December 15, 2024

Dronelinq

An Unmanned Community

Skydio, Arris partner for advanced manufacturing of X2D drone

US drone manufacturer Skydio has teamed up with a company known for advanced fabrication techniques to implement “Additive Molding” – described as a “breakthrough carbon fiber manufacturing technology.” According to a news release, this technique will mean Skydio’s X2 drone will be lighter, stronger, and capable of flying longer distances.

Carbon fiber and other composite materials are the gold standard when it comes to building products that are both strong and light. So it’s not a leap to suggest that any significant advances in manufacturing techniques for products built using composite materials will further enhance said product. That, in a nutshell, is what Skydio says will be the result of its partnership with Arris Composites, resulting in further improvements to the Skydio X2 series of drones that will start shipping soon.

Let’s take a look at the implications.

Additive Molding

Arris Composites, which recently closed $10M in a Series A funding, invented and holds a patent on the process. It’s a way of mass-producing even complex parts while ensuring that the composite fibres are always aligned with stress vectors, resulting in the strongest final product possible. It’s also an automated process, allowing for manufacturing at scale.

One of the Skydio X2D drones

The process involves three key steps, which we’re taking directly from the Arris Composites web site:

  1. Preforming / Composite shaping: Continuous dry fiber is impregnated with thermoplastic resin and then shaped to comprise a section of the final part. These shapes have continuous composite fibers aligned with the part’s 3D stress-vectors.
  2. 3D-Aligned Preform Assembly: All shapes and components are assembled into a final assembly.
  3. Mold Processing: Final processing of assembly locks in ideal performance, accuracy, surface quality, and part-to-part repeatability.

What does that look like?

Glad you asked. Here’s a graphic outlining the process, again from the Arris Composites web site. It really helped us understand how it all works:

Even intricate objects can be mass produced while exporting maximum composite strength

What does all this mean for the Skydio X2 drones?

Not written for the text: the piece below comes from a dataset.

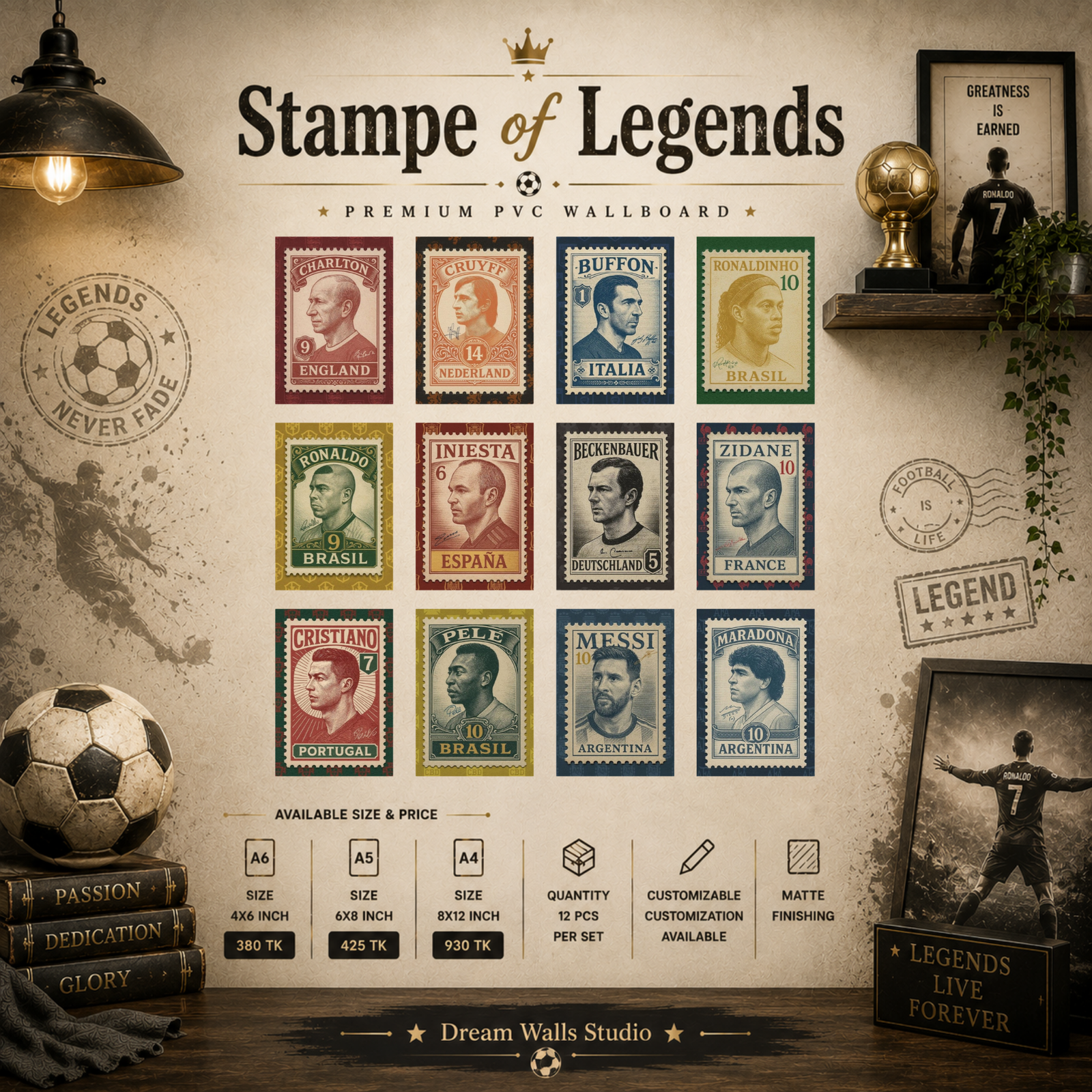 Stamp Of Legends PVC Wallmate | 12pcs set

Skydio’s news release describes several “game-changing advantages.” They include:

• Strength and stiffness of titanium at a fraction of the weight, enabling the Skydio X2 to increase range, and speed

• Optimized carbon and glass fiber layout based on functional requirements of individual regions of the airframe

• Scalable US-based manufacturing and innovation to bring peak aerospace performance at lower cost

The Skydio X2D: That’s a handful of carbon fiber…

An Arris “first”

This is the first time Arris has applied its technology to the UAV world. The technique has both companies optimistic about what the implications:

We are excited about the value that our partnership with Arris will bring to our customers. At Skydio, we pursue cutting edge innovation across all facets of drone technology. The unique properties of Arris’s Additive Molding carbon fiber allows us to optimize the strength, weight, and radio signal transparency of the Skydio X2 airframe to deliver a highly reliable solution that meets the needs of demanding enterprise, public safety and defense use-cases.

Adam Bry, Skydio CEO.

The CEO of Arris Composites shares that outlook:

The evolution of aerospace design has been punctuated by breakthroughs in manufacturing and materials. Such a moment has come where manufacturing of optimized structures has converged with composite materials ideals to unlock previously impossible, high-performance aerospace designs. While we’re working with leading aerospace manufacturers to improve aircraft performance, sustainability and costs; Skydio’s culture and market have enabled an unsurpassed pace of innovation that has fast-tracked this transformation to deliver the next-generation of aerostructures. It’s simply amazing to see such a revolutionary product broadly available and flying today.

Ethan Escowitz, founder and CEO of Arris

More on the Skydio X2

The Skydio X2 series of drones are made to carry out demanding jobs in demanding environments. The foldable airframe deploys quickly and the drone can carry out flights lasting up to 35 minutes. Because of the Additive Molding technique, the X2 drones will include a “newly designed core structural element.” The manufacturing technique means the X2 will include a single carbon fiber component with the same structural results “that would have otherwise required 17 parts.”

The Skydio X2 will benefit from a technique called Additive Molding

The Skydio X2 already features impressive brains. The Additive Molding from Arris Composites will, according to the release, contribute significantly to its brawn.

All while reducing its weight – a critical factor for any drone.